As of Feb. 5, nearly 90 percent of enrollments for the 167,000 veterans submitted to the VA for the Post-9/11 GI Bill had been paid out, the VA said. And it said all those submitted by Jan. 19 were paid.

The new GI Bill was designed to be the most comprehensive benefit for veterans since World War II. Last semester, however, there were so many hiccups that the VA had to issue $3,000 advance checks to 122,000 veterans who needed help with expenses as they waited for their claim to be processed.

Even as the fall semester was wrapping up, thousands of colleges and universities were waiting for tuition reimbursement from the VA, and there was concern affected veterans wouldn't be allowed to enroll for the spring semester by their schools or would drop out. Amid the problems, there were complaints that calls to a help line went unanswered.Even now the help line is only manned Monday to Wednesday.

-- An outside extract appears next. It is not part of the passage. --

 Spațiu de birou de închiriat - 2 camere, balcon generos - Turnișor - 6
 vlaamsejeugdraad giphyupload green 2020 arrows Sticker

The VA was able to make processing improvements by hiring new staff and streamlining operations, VA spokeswoman Katie Roberts said in an e-mail.

Advocates say they've not heard widespread reports of veterans not returning for the spring semester because of GI Bill problems. While there are still complaints about some back-pay issues and about the accuracy of payments, "What we've seen has been pretty encouraging," said Ryan Gallucci, a spokesman for AMVETS.

Roberts said the VA has processed all claims from last semester if it has all the veteran's paperwork and there is no outstanding information to verify.